◆ **ACTIVITY**
It would help if you retyped the data exactly, leaving out the pictures.

━━ DATA SEGMENT

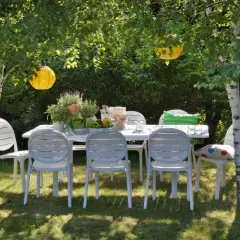 Jak wyczyścić meble ogrodowe plastikowe i przywrócić im blask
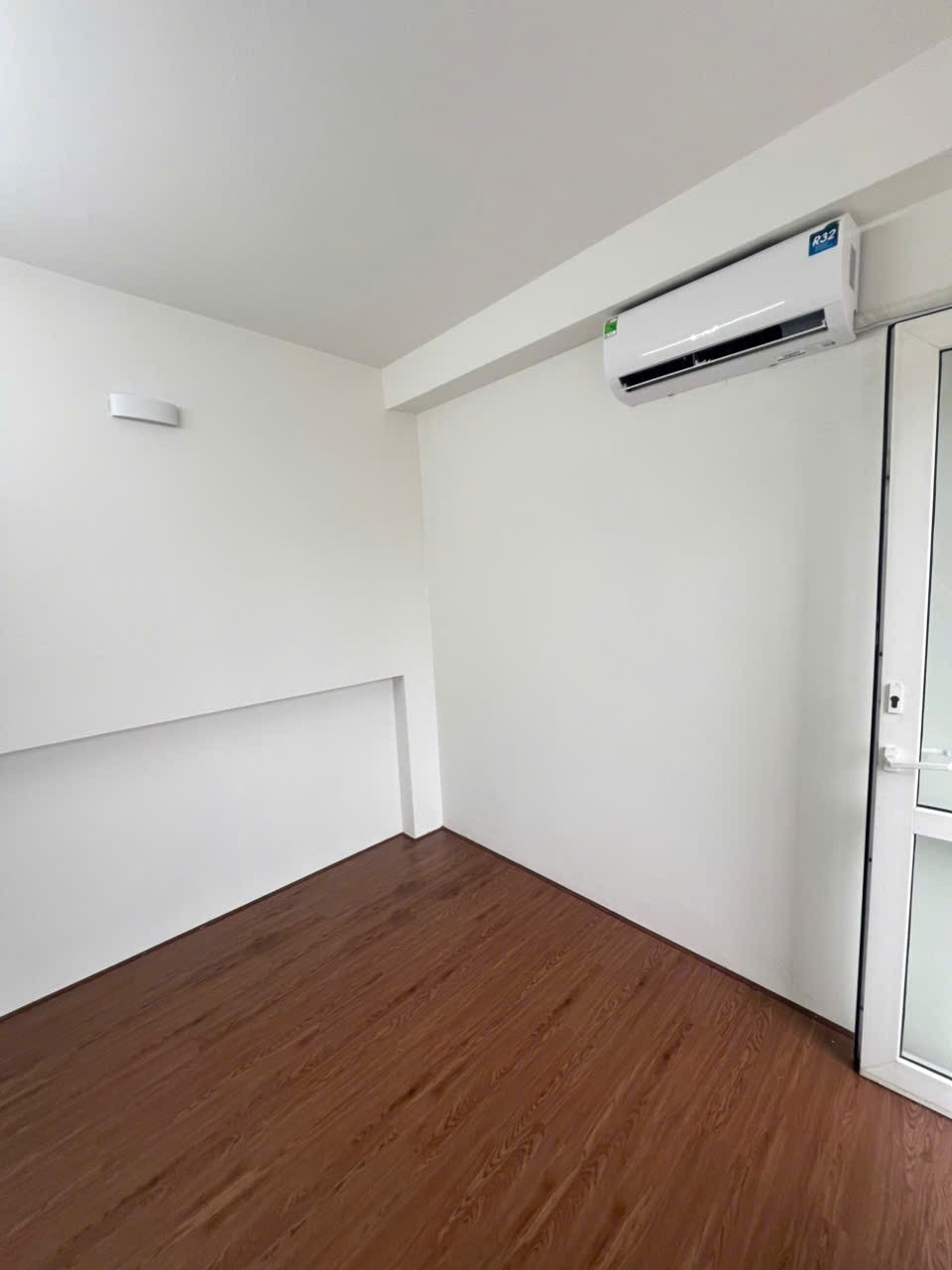 Bán căn hộ CCMN ngõ 189 Tôn Thất Tùng - Khương Thượng - Đống Đa 50m, 2 ngủ giá 1.65 tỷ 2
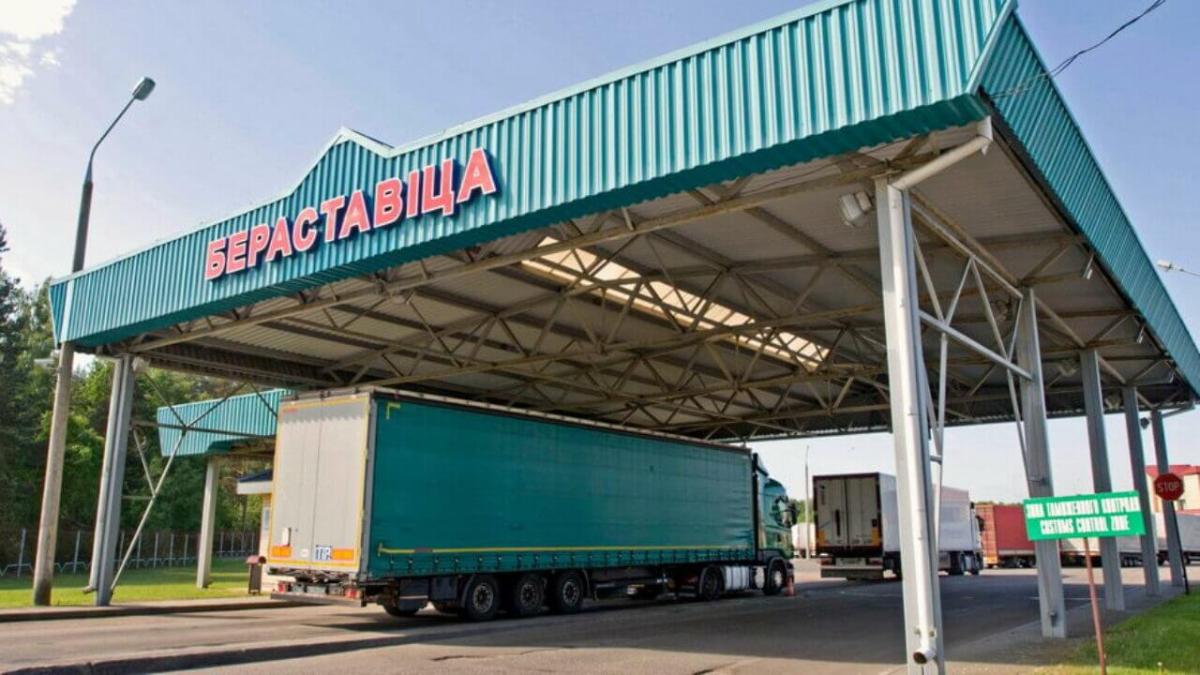 Белорусам ограничат срок действия электронной регистрации в очереди на границе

━━━━

◆ **OUTPUT**
 Jak wyczyścić meble ogrodowe plastikowe i przywrócić im blask
 Bán căn hộ CCMN ngõ 189 Tôn Thất Tùng - Khương Thượng - Đống Đa 50m, 2 ngủ giá 1.65 tỷ 2
 Белорусам ограничат срок действия электронной регистрации в очереди на границе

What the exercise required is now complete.